Seit Kate nach London gezogen ist, fühlt sie sich einsam. Ihre Studienkollegen haben sie eingeschüchtert, ihre Mitbewohner in der WG sieht sie kaum, weil sie sich außerhalb der Arbeit die meiste Zeit in ihrem Bett verkriecht, oft mit einem Glas Wein zu viel. Durch die Straßen läuft sie nur mit gesenktem Kopf, die Panik ständig im Schlepptau. Zu „echten“ Menschen hat sie kaum Kontakt. Geschichten sind ihre Freunde. „Möglicherweise ist es Frühling, aber Kate lebt unter einer Wolke. Sie folgt ihr auf Schritt und Tritt, und wie sehr sie ihr auch zu entkommen versucht, sie scheint sie nicht abhängen zu können.“

In der Redaktion des Lokalblattes Brixton Chronicle, in der sie nach dem Studium gelandet ist, schreibt sie über verschwundene Haustiere und Straßenbauarbeiten, also „die Artikel, die weiter hinten stehen, aber nicht ganz hinten, wo die Sportseiten sind. Die Artikel, die nicht gelesen werden.“

Doch ihr Leben nimmt eine unerwartete Wendung, als der Chefredakteur Phil ihr den Auftrag gibt, über ein Freibad zu berichten, das geschlossen werden soll. Die Immobilienfirma Paradise Living möchte das Gelände kaufen und zu einem privaten Fitnessclub für die Bewohner ihrer Luxuswohnungen umwandeln, die in der Gegend aus dem Boden schießen. Zu Schwimmbädern hat Kate ein gespaltenes Verhältnis, aber sie nimmt den Auftrag an und trifft sich nicht nur mit dem Geschäftsführer, sondern auch mit Rosemary, der „treuesten Schwimmerin des Freibads.“

Rosemary ist 86, lebt schon immer in Brixton und ist mit dem Freibad aufgewachsen. Ihre schönsten Erinnerungen hängen daran. Es verbindet sie auf fast magische Weise mit ihrem geliebten, zwei Jahre zuvor verstorbenen Ehemann George. Sobald sie ins Becken taucht wird sie wieder jung, ihr Körper schwerelos und geschmeidig.
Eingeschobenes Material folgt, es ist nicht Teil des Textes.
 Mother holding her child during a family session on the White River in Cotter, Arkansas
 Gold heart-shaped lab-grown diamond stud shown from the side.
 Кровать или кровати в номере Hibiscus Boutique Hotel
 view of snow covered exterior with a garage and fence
Von ihrer Wohnung aus kann sie das Wasser glitzern sehen und auf ihrem Balkon flattert jeden Morgen der Badeanzug zum Trocknen.

Sie erkennt auf den ersten Blick Kates Probleme und ist überzeugt, ihr einen Schubs in die richtige Richtung geben zu können. Deshalb stellt sie für die Zusammenarbeit eine Bedingung: „Ich gebe Ihnen das Interview, wenn Sie schwimmen gehen.“

Kate überwindet sich und beginnt, eine völlig neue Frau in sich zu entdecken. Gemeinsam mit Rosemary, deren Freunden und dem Fotografen Jay nimmt sie den Kampf gegen die Schließung auf.
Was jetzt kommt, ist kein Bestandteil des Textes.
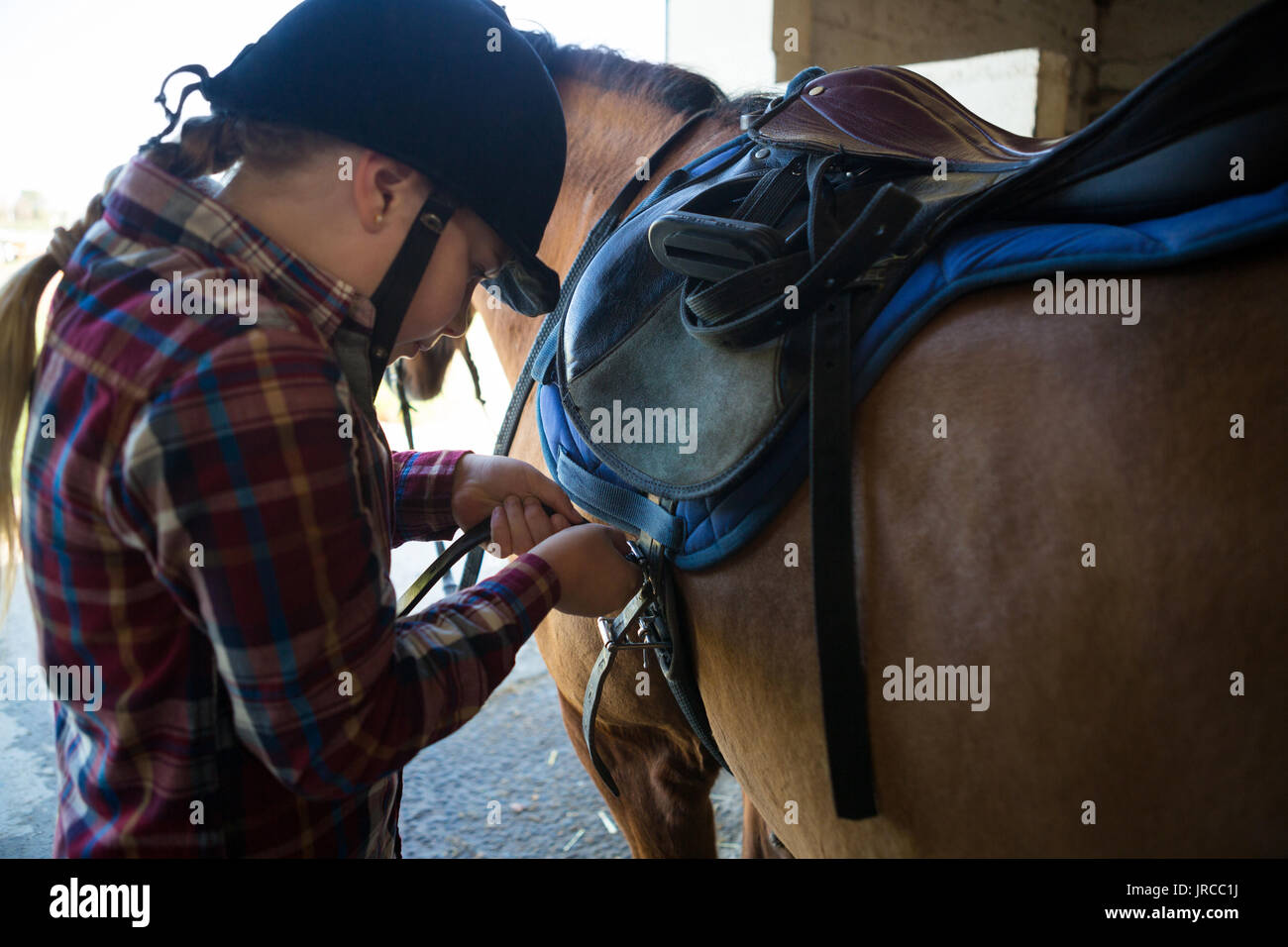 Teenage girl standing with horse in the stable Stock Photo - Alamy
Von der ersten Seite an hat mich dieses Buch bezaubert und mitten hinein nach Brixton versetzt. Märkte, Läden, Menschen und natürlich das Freibad: Alles wirkt so hinreißend lebendig, dass ich es sehen, hören, riechen und fühlen konnte.

Rosemarys bunte Freundesschar kommt so sympathisch rüber, dass ich sie alle lieber heute als morgen kennenlernen würde. Im Mittelpunkt stehen nicht nur Rosemary und Kate, die eine ganz besondere Freundschaft entwickeln und sich gegenseitig stützen, sondern eine offene und hilfsbereite Gesellschaft, die zusammenhält und füreinander einsteht. Jede und jeder kann seinen Teil zu einem gemeinsamen, guten Leben beitragen.

Eine ganz zentrale Rolle spielt natürlich das Freibad: Es wird zum Symbol für Gleichheit, Freiheit und Gemeinschaftssinn der Menschen. Wer in seiner Badekleidung ins Wasser taucht, ist in einer anderen Sphäre, Träume können für eine Weile wahr werden, keiner steht über oder unter einem anderen. Und es gibt Kraft für das (Über-)Leben draußen.

Der jungen Autorin Libby Page ist ein wunderbares Buch über Freundschaft und Solidarität gelungen, das ich kaum aus der Hand legen konnte. Dazu trägt sicher auch die Übersetzung durch Silke Jellinghaus bei. Manchmal habe ich aber auch ganz bewusst beim Lesen Pausen eingelegt, um länger etwas davon zu haben und mich nicht so schnell von den Charakteren verabschieden zu müssen, die mir ans Herz gewachsen sind.

„Im Freibad“ ist ein Wohlfühlbuch mit Tiefgang (und das nicht nur im Wasser), das ich wärmstens empfehlen möchte.

Libby Page: Im Freibad.
Ullstein, Mai 2019.
400 Seiten, Taschenbuch, 14,99 Euro.

Diese Rezension wurde verfasst von Beate Fischer.